Material provided

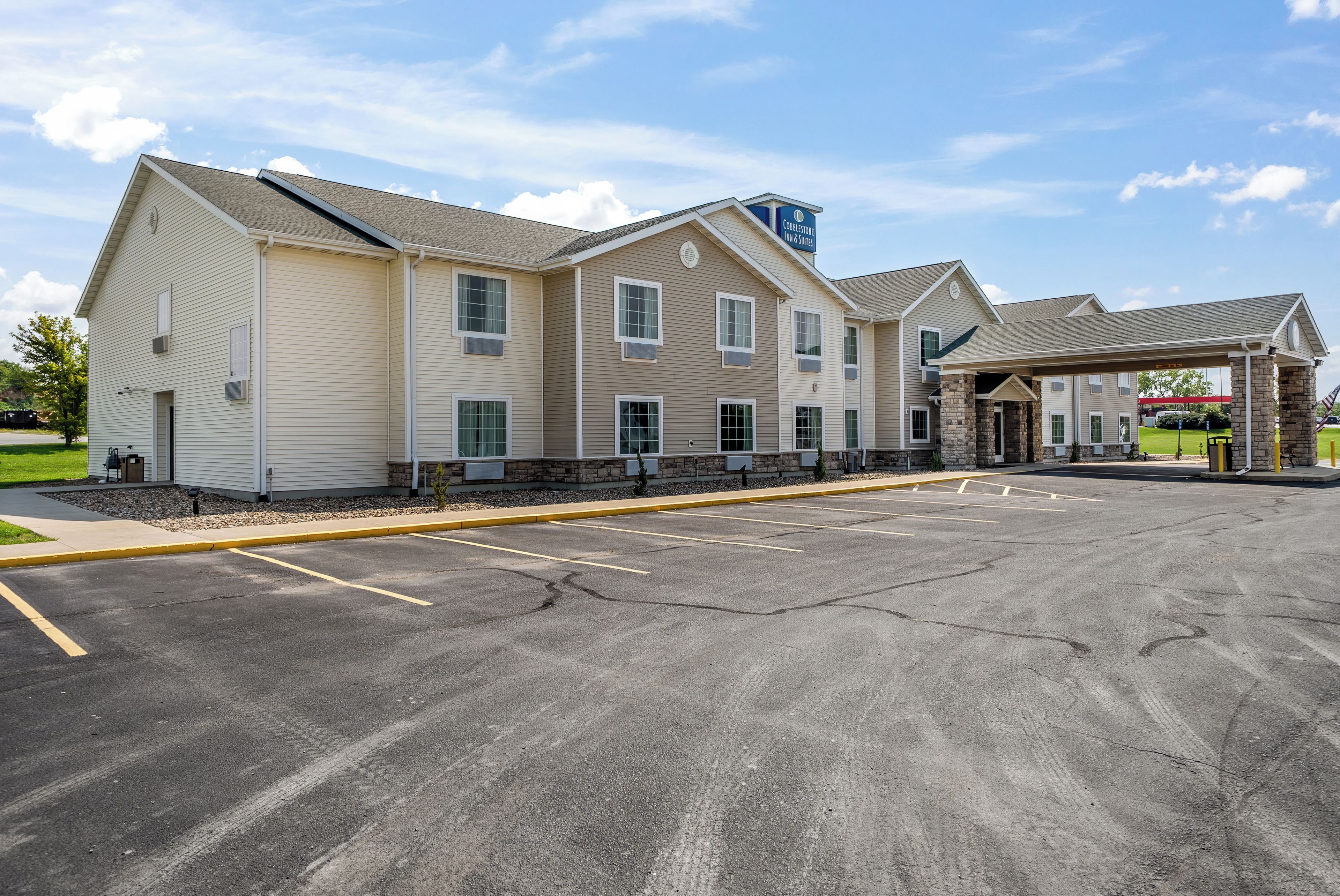 A hotel with a parking lot, a covered entrance, and a sign for Cobblestone Inn & Suites.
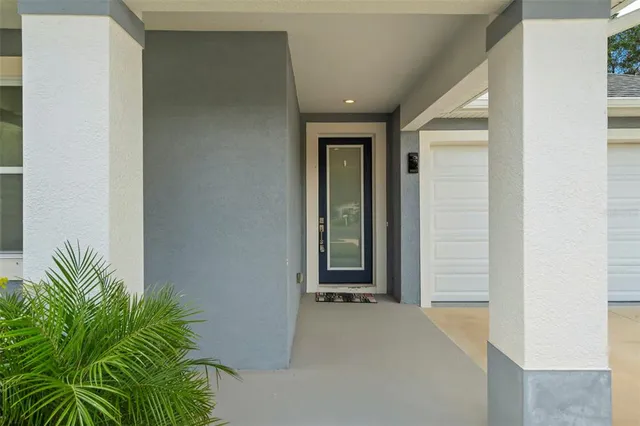 a view of front door with potted plants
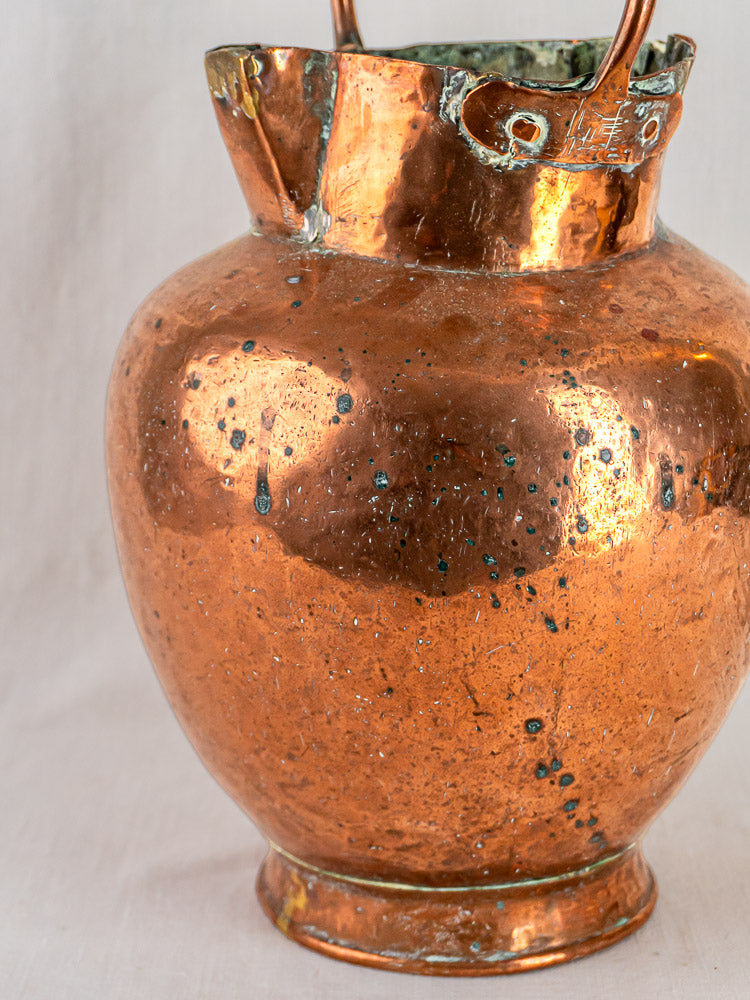 Antique French hand-raised copper double-spout water jug with bent rim and green patina.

What is required
Copy the data in full. No pictures belong in the copy.

Your solution
 A hotel with a parking lot, a covered entrance, and a sign for Cobblestone Inn & Suites.
 a view of front door with potted plants
 Antique French hand-raised copper double-spout water jug with bent rim and green patina.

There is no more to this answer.